China will impose new mining controls and security reviews on foreign investment from 15 June and require strategic mineral reserves to be stored at source for at least five years, with extensions decided by State Council reviews. The measures, announced via Xinhua, aim to accelerate construction of strategic reserve sites and tighten state control over unspecified “key” minerals. Coming days after the Trump–Xi summit, the move reinforces China’s dominance over rare earths such as yttrium, where it already controls over 60% of mined supply and almost all processing.
Financing for the 3.2GW Sizewell C nuclear plant has been criticised by the UK National Audit Office, which says the Regulated Asset Base (RAB) model and £700M of direct government investment place more risk on taxpayers and bill-payers than Contracts for Difference used on other low‑carbon projects. The NAO estimates consumer benefits will not exceed costs until after 2060, well beyond the station’s planned early‑2030s commissioning. For civil and nuclear contractors, the findings signal prolonged political and regulatory scrutiny of cost overruns, schedule risk and allowable returns.
The UK government is introducing the Small Business Protections Bill (Commercial Payments Bill) to parliament, imposing a statutory 60‑day cap on payment terms for large firms and mandatory interest on late payments to smaller suppliers. The bill grants the Small Business Commissioner new powers to investigate, adjudicate and levy fines worth tens of millions of pounds on persistent late payers. For construction, a planned ban on cash retentions could significantly alter contract structures, cashflow management, and security arrangements for defects and incomplete works.

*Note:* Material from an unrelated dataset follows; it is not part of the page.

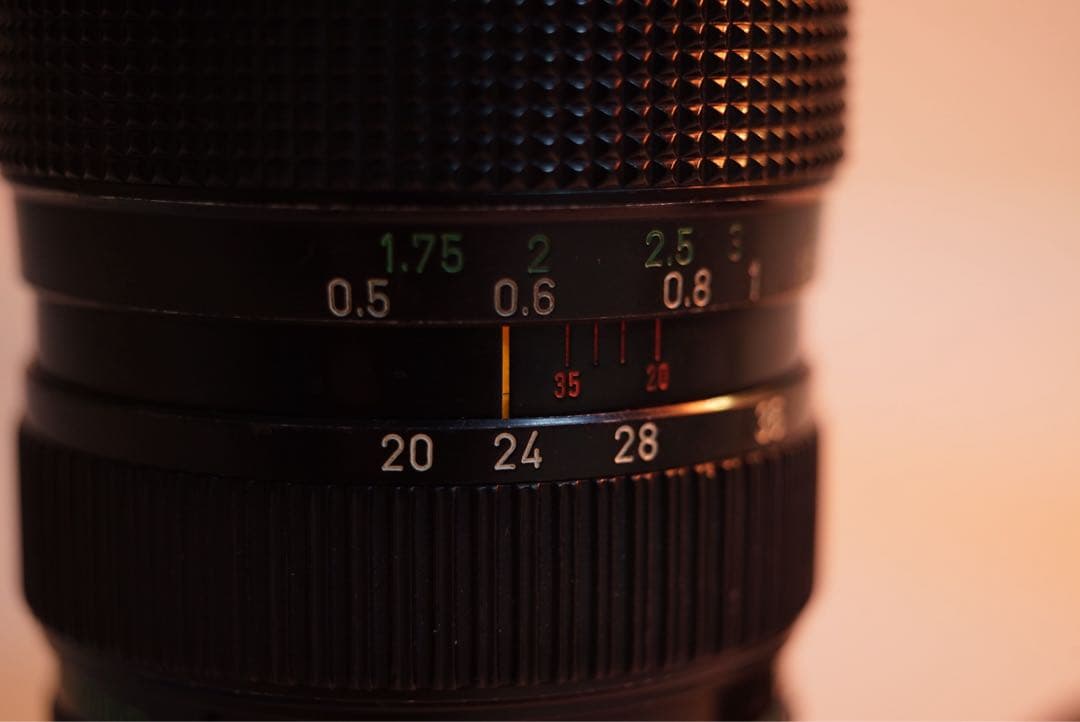 【ジャンク】 Canon 20-35 F.3.5 L new FD Lens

More than 1,900 UK trade union members have signed a letter urging the government to reject development consent for the Rosebank oil and gas field in the North Sea, one of the basin’s largest undeveloped discoveries. The signatories, drawn from energy, construction and transport unions, argue that new offshore infrastructure such as production platforms, subsea pipelines and tie-backs would lock in high-carbon assets and divert investment from grid upgrades and large-scale offshore wind. For civil and marine contractors, the move signals potential political and permitting risk for future North Sea platform, export pipeline and onshore terminal works.
Greenland’s long-running dispute over Energy Transition Minerals’ Kvanefjeld rare earth and uranium-linked deposit shows that execution risk in permitting and regulatory stability can derail critical-minerals projects as effectively as metallurgy or ore grade. Alina Karpunina of GEM Mining Consulting argues that investors now price in years of legal conflict as a project cost, demanding higher premiums or walking away when uranium thresholds under Greenland’s 2021 law and shifting political signals make approvals look fragile. While projects like Malmbjerg molybdenum, Amitsoq graphite and Tanbreez progress under the 2025–2029 Mineral Resources Strategy and the 2023 EU-Greenland raw-materials partnership, she warns that unclear, revisable rules can render “strategic” deposits effectively unfinanceable.